No, you'll rarely hear me say that, as I come from the bygone era (my 
first computer had 1K of memory; before that, the first one I worked on 
had 16 memory locations). I will _sometimes_ concede that view when 
discussion of time versus resources comes up, but given the choice and 
time, I'll go for saving space where practicable. (Actually, more in MP3 
files than images; my eyesight, touch wood, has not deteriorated with 
age other than the ability to close-focus, but my hearing _has_ lost 
top, and/or I haven't had speakers capable of great top for some time.)

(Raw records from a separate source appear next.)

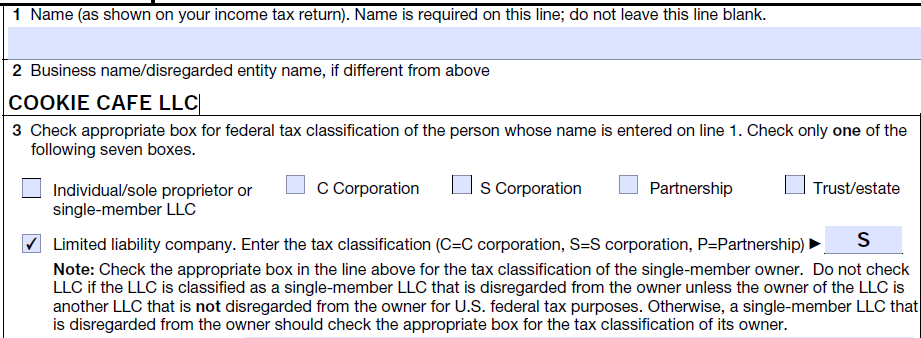 choose the correct entity type for form IRS W9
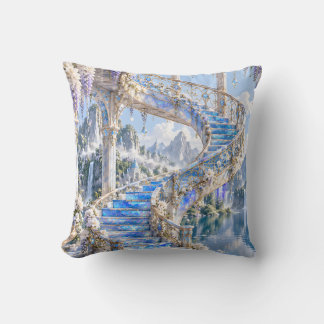 Blue Wisteria Crystal Stairway Mountain Lake Throw Pillow
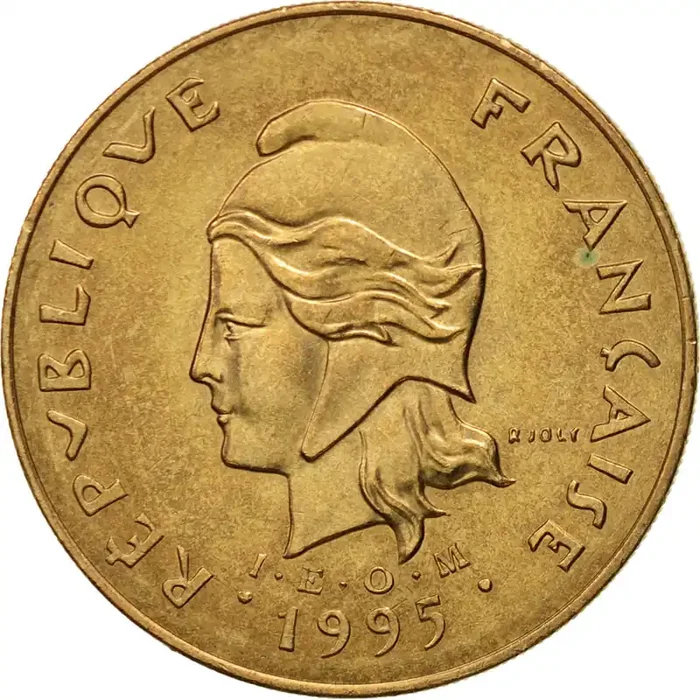 Coin, French Polynesia, 100 Francs 1995 – Paris – MS(63) – Nickel-Bronze – KM 14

>to saving large images for a good reason, those
>same people think it's crazy: "Takes up WAY too much
>   I suspect most people who feel that way are taking
>loads of pictures with their phone. They just want
>2,000 vacation photos to fit on disk. They have no
>intention of doing any involved editing or printing of
>those images, or even going through to dump the
>bad ones, so they're happy with downgraded JPGs.
My 'phone - a cheap one (a DooGee) - has, IIRR, a 6M camera. It takes 
pictures I consider considerably inferior to those I take with my 3M 
Fuji with a reasonable lens - which I usually have set to 1M size (JPEG 
that is).
When you say they want "vacation photos to fit on disk", do you mean "to 
fit on _a_ disc", i. e. to make a CD (or, I guess these days, a DVD), to 
give to friends/relatives?
(I remember using a Sony camera at work, that had a floppy drive built 
in - and you could get several pictures on, of acceptable quality! [That 
camera also had something I've never seen before or since: the ability 
to use ambient light to backlight the display.])
J. P. Gilliver. UMRA: 1960/<1985 MB++G()AL-IS-Ch++(p)Ar@T+H+Sh0!:`)DNAf

If it's not on fire, it's a software problem.